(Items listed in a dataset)
------------

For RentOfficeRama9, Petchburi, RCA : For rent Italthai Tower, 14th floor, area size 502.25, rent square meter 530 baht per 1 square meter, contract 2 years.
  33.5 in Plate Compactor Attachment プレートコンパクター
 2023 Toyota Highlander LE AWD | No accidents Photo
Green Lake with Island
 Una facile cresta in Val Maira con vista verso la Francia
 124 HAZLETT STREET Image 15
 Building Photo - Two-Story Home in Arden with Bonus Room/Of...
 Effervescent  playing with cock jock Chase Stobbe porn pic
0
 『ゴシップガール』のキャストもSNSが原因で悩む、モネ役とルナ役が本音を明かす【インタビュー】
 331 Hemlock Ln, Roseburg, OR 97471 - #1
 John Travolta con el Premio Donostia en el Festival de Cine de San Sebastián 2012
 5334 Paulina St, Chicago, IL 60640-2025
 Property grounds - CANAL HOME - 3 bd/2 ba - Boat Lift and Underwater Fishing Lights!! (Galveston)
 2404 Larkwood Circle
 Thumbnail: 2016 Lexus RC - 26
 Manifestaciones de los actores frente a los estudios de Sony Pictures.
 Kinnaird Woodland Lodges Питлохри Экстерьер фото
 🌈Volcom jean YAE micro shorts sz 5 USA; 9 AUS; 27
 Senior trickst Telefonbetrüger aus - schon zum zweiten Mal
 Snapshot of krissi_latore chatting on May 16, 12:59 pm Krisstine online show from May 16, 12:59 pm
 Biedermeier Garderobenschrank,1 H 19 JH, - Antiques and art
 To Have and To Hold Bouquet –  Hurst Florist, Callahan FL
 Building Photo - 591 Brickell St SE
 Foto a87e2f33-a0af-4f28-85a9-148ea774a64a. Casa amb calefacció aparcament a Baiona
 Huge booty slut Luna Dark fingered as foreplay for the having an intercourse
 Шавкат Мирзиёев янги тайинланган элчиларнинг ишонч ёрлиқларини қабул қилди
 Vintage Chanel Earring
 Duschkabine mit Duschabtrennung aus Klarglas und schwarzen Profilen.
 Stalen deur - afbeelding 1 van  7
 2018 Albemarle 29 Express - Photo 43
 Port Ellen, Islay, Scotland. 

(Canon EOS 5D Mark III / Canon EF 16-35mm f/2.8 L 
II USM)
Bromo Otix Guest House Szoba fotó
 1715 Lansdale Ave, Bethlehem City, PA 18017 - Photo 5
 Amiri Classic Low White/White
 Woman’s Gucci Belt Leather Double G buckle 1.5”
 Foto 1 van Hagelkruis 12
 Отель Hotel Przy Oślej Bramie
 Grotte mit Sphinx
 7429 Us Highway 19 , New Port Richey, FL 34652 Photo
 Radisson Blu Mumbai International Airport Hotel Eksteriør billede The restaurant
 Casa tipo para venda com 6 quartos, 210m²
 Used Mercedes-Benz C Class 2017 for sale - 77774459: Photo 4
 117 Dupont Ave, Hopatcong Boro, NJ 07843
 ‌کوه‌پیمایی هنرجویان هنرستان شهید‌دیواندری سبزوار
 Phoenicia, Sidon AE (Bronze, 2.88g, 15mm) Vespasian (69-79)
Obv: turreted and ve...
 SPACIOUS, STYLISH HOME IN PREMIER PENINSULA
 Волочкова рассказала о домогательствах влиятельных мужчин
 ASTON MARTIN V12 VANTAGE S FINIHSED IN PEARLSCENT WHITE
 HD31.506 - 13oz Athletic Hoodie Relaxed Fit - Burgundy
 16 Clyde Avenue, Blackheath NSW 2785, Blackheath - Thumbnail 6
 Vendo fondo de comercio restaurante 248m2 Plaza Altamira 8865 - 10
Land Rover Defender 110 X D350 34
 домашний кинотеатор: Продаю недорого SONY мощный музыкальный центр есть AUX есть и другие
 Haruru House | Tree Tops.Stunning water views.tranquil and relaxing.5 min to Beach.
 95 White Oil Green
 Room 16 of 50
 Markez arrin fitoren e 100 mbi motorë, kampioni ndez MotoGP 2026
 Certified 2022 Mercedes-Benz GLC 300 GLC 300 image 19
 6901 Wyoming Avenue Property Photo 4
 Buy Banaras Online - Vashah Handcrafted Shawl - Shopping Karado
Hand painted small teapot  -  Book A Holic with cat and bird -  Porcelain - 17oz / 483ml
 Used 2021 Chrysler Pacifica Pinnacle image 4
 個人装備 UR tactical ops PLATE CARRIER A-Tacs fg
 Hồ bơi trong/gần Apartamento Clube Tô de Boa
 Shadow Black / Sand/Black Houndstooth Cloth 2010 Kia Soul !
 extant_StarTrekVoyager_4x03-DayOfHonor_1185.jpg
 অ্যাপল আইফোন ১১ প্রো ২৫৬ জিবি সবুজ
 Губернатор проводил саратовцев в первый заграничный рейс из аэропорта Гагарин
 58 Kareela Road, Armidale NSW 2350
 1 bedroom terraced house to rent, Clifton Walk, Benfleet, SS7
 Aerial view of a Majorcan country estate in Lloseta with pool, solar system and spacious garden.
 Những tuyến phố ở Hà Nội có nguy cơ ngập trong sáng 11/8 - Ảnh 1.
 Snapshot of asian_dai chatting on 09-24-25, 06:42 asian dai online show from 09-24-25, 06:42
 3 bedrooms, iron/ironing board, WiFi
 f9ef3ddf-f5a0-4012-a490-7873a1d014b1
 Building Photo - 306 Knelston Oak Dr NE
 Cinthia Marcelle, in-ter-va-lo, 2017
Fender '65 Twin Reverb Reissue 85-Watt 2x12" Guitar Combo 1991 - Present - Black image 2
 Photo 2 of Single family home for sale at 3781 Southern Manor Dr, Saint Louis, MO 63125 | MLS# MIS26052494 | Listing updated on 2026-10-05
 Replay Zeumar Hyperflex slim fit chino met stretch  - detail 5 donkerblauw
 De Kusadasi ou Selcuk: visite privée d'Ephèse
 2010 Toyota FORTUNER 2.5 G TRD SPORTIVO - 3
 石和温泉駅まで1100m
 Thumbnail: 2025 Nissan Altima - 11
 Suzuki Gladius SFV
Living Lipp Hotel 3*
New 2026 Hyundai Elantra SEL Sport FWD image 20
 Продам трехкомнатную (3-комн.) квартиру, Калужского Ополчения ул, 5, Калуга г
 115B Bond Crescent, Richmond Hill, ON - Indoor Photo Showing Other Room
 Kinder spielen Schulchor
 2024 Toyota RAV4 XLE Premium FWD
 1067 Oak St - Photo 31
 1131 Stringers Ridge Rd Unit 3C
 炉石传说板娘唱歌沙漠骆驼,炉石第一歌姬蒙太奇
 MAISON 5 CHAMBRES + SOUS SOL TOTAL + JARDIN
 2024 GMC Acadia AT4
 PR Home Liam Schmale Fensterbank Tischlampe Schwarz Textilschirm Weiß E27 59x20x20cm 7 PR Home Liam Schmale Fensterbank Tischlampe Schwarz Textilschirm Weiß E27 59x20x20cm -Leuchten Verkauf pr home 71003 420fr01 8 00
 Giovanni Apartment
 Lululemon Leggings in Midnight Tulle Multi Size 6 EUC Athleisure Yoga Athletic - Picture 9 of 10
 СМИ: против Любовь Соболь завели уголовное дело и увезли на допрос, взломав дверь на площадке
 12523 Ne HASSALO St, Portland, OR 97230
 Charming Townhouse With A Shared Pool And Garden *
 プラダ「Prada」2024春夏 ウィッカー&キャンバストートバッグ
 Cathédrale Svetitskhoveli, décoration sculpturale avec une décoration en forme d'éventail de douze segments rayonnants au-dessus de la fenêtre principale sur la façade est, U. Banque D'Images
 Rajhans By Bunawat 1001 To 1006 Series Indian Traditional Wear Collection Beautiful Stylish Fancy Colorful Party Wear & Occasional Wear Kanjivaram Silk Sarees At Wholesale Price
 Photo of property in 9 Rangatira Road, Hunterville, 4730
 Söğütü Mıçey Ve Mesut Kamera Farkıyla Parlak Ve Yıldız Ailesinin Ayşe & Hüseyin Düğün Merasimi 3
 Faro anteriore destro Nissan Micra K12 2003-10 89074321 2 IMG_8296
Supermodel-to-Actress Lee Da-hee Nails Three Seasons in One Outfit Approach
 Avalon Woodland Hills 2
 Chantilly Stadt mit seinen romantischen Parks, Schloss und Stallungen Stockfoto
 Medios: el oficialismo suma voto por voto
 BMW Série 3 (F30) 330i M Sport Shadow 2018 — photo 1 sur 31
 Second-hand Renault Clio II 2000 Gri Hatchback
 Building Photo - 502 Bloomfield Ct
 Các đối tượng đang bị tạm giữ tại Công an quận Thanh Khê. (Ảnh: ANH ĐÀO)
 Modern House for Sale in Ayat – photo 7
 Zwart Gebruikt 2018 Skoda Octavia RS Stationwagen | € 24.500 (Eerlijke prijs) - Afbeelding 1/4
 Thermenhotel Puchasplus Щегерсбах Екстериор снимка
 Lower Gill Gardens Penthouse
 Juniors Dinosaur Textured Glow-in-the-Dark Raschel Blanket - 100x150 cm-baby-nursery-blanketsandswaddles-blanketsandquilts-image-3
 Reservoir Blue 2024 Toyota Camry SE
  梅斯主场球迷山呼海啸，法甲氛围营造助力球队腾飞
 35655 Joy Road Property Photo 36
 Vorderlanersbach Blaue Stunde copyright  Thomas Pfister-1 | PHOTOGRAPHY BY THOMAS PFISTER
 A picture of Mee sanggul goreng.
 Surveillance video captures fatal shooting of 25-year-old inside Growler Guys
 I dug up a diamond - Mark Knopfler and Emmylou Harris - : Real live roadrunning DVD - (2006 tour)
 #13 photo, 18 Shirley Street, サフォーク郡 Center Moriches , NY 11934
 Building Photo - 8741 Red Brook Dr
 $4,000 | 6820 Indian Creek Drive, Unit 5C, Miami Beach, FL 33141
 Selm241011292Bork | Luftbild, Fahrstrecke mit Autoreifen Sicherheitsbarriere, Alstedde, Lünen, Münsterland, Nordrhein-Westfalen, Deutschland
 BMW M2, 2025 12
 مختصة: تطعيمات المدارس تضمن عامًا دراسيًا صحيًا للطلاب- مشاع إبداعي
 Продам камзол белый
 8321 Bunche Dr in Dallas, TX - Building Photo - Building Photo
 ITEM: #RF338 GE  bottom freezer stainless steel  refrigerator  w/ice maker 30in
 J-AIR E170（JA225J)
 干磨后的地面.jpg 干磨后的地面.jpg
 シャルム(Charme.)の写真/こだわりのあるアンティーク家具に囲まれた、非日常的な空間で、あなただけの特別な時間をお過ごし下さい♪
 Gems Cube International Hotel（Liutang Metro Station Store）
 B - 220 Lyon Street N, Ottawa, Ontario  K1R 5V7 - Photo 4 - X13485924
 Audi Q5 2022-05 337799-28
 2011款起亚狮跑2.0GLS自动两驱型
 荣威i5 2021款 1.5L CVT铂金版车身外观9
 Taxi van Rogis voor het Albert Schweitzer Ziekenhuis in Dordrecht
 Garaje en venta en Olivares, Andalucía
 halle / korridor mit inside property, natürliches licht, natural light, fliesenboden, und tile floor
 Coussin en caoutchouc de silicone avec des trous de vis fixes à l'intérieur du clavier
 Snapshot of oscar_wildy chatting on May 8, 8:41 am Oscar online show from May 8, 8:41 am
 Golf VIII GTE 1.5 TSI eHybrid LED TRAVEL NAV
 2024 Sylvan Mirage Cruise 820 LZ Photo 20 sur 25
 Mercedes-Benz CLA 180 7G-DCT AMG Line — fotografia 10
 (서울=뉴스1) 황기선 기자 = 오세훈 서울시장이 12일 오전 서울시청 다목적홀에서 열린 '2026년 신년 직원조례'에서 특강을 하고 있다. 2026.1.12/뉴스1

------------

Please give an exact copy of the lines above, beginning with the line containing "Amiri Classic Low White/White" and running through the line containing "Aerial view of", and of no other lines.

 Amiri Classic Low White/White
 Woman’s Gucci Belt Leather Double G buckle 1.5”
 Foto 1 van Hagelkruis 12
 Отель Hotel Przy Oślej Bramie
 Grotte mit Sphinx
 7429 Us Highway 19 , New Port Richey, FL 34652 Photo
 Radisson Blu Mumbai International Airport Hotel Eksteriør billede The restaurant
 Casa tipo para venda com 6 quartos, 210m²
 Used Mercedes-Benz C Class 2017 for sale - 77774459: Photo 4
 117 Dupont Ave, Hopatcong Boro, NJ 07843
 ‌کوه‌پیمایی هنرجویان هنرستان شهید‌دیواندری سبزوار
 Phoenicia, Sidon AE (Bronze, 2.88g, 15mm) Vespasian (69-79)
Obv: turreted and ve...
 SPACIOUS, STYLISH HOME IN PREMIER PENINSULA
 Волочкова рассказала о домогательствах влиятельных мужчин
 ASTON MARTIN V12 VANTAGE S FINIHSED IN PEARLSCENT WHITE
 HD31.506 - 13oz Athletic Hoodie Relaxed Fit - Burgundy
 16 Clyde Avenue, Blackheath NSW 2785, Blackheath - Thumbnail 6
 Vendo fondo de comercio restaurante 248m2 Plaza Altamira 8865 - 10
Land Rover Defender 110 X D350 34
 домашний кинотеатор: Продаю недорого SONY мощный музыкальный центр есть AUX есть и другие
 Haruru House | Tree Tops.Stunning water views.tranquil and relaxing.5 min to Beach.
 95 White Oil Green
 Room 16 of 50
 Markez arrin fitoren e 100 mbi motorë, kampioni ndez MotoGP 2026
 Certified 2022 Mercedes-Benz GLC 300 GLC 300 image 19
 6901 Wyoming Avenue Property Photo 4
 Buy Banaras Online - Vashah Handcrafted Shawl - Shopping Karado
Hand painted small teapot  -  Book A Holic with cat and bird -  Porcelain - 17oz / 483ml
 Used 2021 Chrysler Pacifica Pinnacle image 4
 個人装備 UR tactical ops PLATE CARRIER A-Tacs fg
 Hồ bơi trong/gần Apartamento Clube Tô de Boa
 Shadow Black / Sand/Black Houndstooth Cloth 2010 Kia Soul !
 extant_StarTrekVoyager_4x03-DayOfHonor_1185.jpg
 অ্যাপল আইফোন ১১ প্রো ২৫৬ জিবি সবুজ
 Губернатор проводил саратовцев в первый заграничный рейс из аэропорта Гагарин
 58 Kareela Road, Armidale NSW 2350
 1 bedroom terraced house to rent, Clifton Walk, Benfleet, SS7
 Aerial view of a Majorcan country estate in Lloseta with pool, solar system and spacious garden.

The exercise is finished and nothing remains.